▸ **Work order**
Write out the listing from the line with "topless cam girl JulianaDell" to the line with "1214 SE 24th", both lines included, exactly and nothing beyond. Leave pictures out.

▸ **Study material**
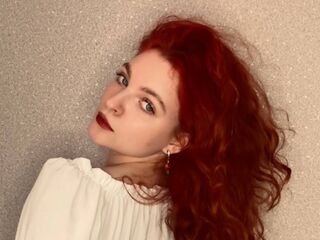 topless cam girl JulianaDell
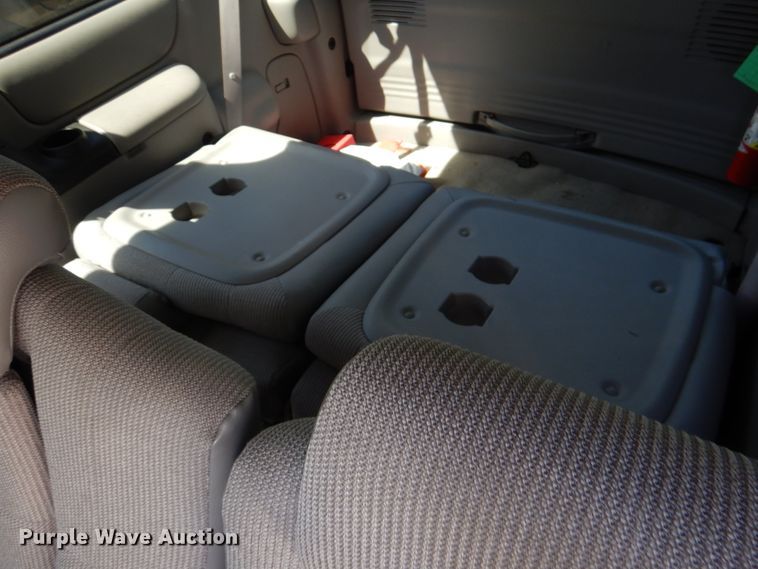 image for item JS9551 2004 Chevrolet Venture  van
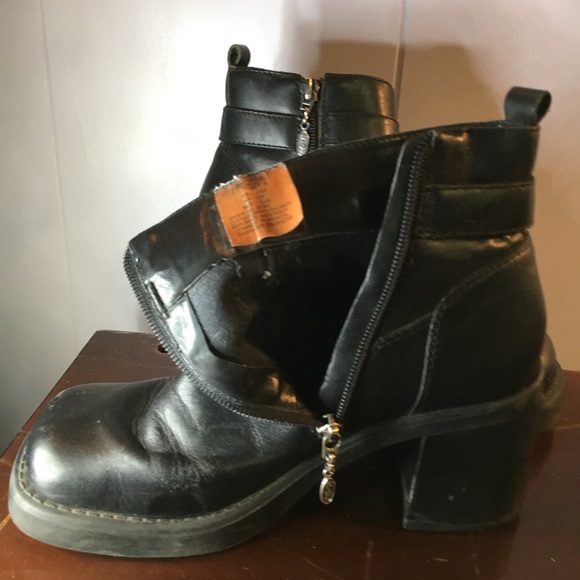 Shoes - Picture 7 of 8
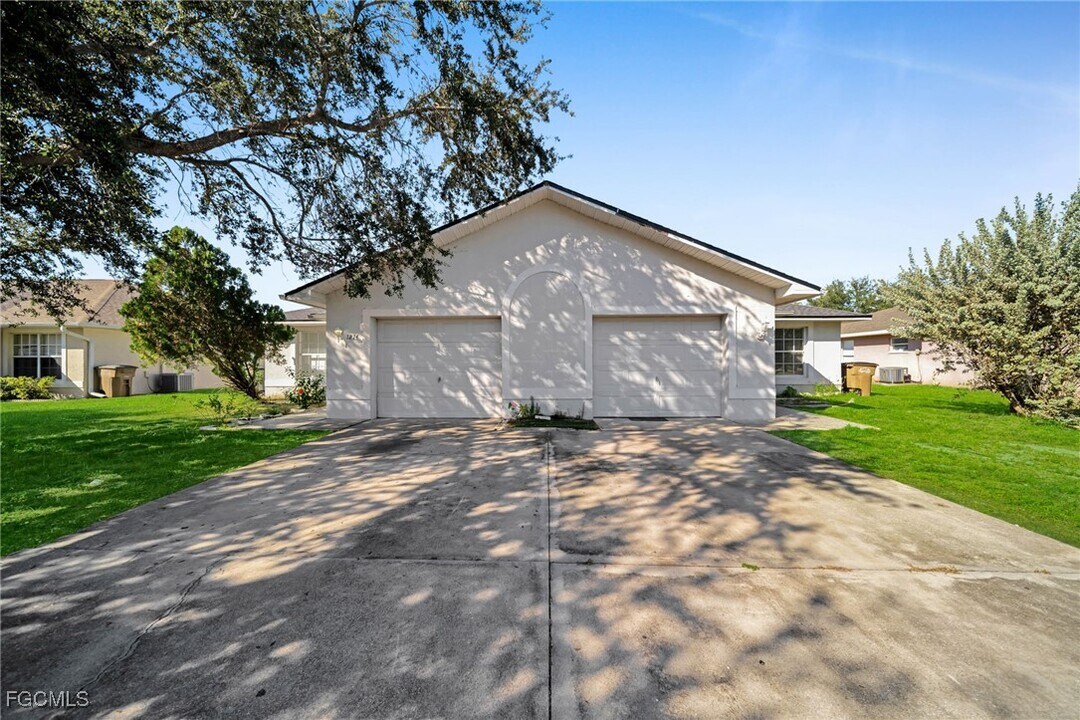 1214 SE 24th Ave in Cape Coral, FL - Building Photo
==
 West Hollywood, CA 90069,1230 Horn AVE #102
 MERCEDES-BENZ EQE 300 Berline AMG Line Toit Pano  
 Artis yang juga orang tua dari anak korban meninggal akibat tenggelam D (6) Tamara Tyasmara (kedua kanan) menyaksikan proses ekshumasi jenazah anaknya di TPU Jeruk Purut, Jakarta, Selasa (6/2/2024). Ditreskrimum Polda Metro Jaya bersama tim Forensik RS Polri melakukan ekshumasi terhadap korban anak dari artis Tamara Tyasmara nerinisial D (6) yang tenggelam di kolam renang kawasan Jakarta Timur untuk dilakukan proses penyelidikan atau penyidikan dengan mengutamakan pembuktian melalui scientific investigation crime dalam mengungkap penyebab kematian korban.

▸ **Result below**
 topless cam girl JulianaDell
 image for item JS9551 2004 Chevrolet Venture  van
 Shoes - Picture 7 of 8
 1214 SE 24th Ave in Cape Coral, FL - Building Photo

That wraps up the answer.